Take, for instance, Hash::AsObject. This is a handy module that turns hash keys into method names on that hash:

use Hash::AsObject;

my $hash = Hash::AsObject->new( 'otter' => 'lutris' );
print $hash->otter;
$hash->otter( 'Enhydra' );
$hash->{otter} = 'Lutra';

This is practically the same thing as a C struct. Does it deal with any of those four items? Nope. It’s just a bag of data. I can see everything, change anything, and I know it’s exactly a hash. I can use Hash::AsObject as a base class and override some methods, but that doesn’t really improve anything.

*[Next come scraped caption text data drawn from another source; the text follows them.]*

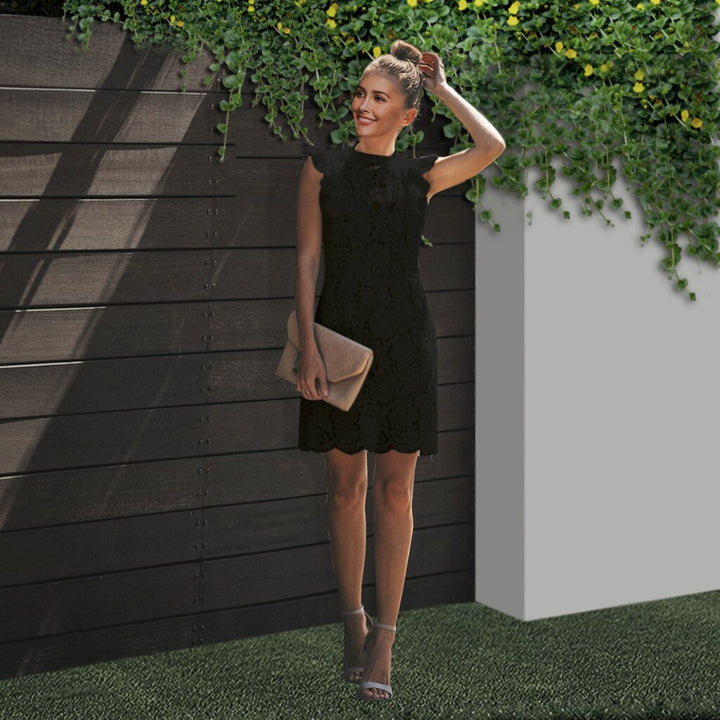 Lace Dress with Delicate Overlay - Women's Evening Style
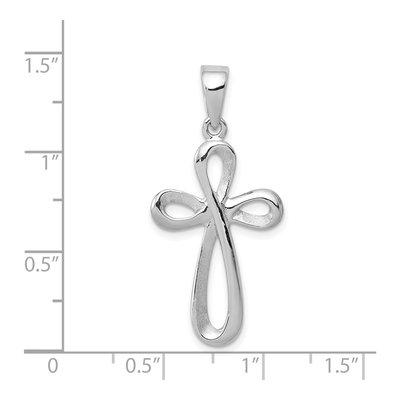 14K White Gold Ribbon Cross Pendant – view 5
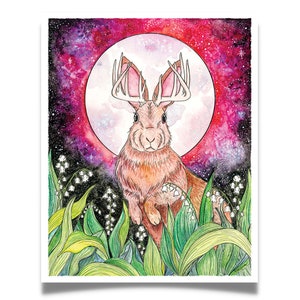 Impression Jackalope et carte de voeux, aquarelle, peinture, art mural, mignon, adorable, lapin, lapin, lune, ciel nocturne, étoiles, cadeau, chambre de bébé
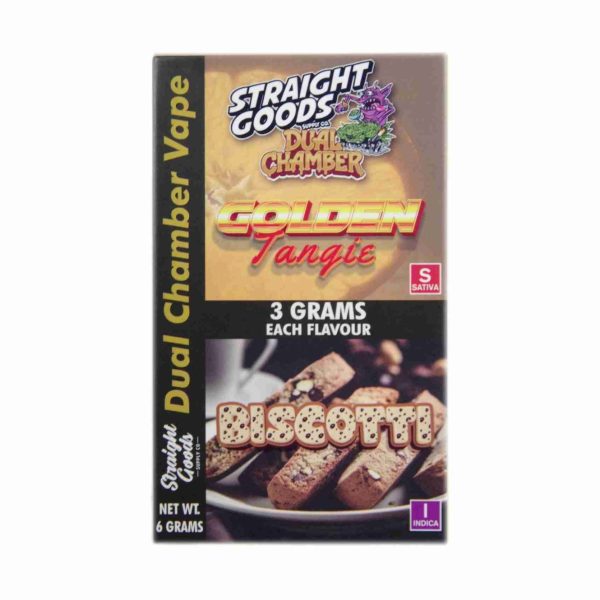 Buy Straight Goods - Dual Chamber Vape - Golden Tangie + Biscotti (3 Grams + 3 Grams) at MMJ Express Online Shop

The point of this code is not to completely encapsulate something; that’s almost entirely a secondary (or lower) goal. People don’t build useful tools around the idea that their code will be purely encapsulated. They build tools to get a particular task done better than it has been done before. Encapsulation is what we might call “first world problems”.

Bags of data

Many people use objects as Bags of data. They put in some data and they take out some data. Perl’s blessed hashes are essentially that idea. But that’s not the point of objects, which have behavior. Interesting objects have behavior that is more interesting than simply representing the existing data in some new way.

There a few other things that you want to know when you get and give data:

  • Are these data valid?
  • Are they valid for this context?
  • Does anything else need to change when this changes?

The setter method isn’t there to primarily to store the data. It’s the traffic cop that ensures you are following the rules and what you are doing makes sense. If it makes sense, the inner working continues, and otherwise the traffic cop complains. That’s the primary job of the setter.

Many people think types solve this problem, and I guess that collection of very specific types (DateOlderThan21Years) can do that, but then you have an infinite number of types and all of the complexity you think you are saving goes into the type system. For example, “Int” is often a type, but most of the time you use an integer, not all integers are valid values.

You still have to check that the value is valid. Once you have to do that, the attractiveness of syntax shortcuts quickly disappears because you have to bring back all the complexity of the thing you are trying to replace.

And, it’s not as simple as checking one value. With encapsulation, the object may need to update several things in the object. Object frameworks typically punt on these sorts of issues because the coordination isn’t something they can easily force of a task when they don’t even know the object represents. The tangled web in Moose or Cor isn’t going to be better than subroutines.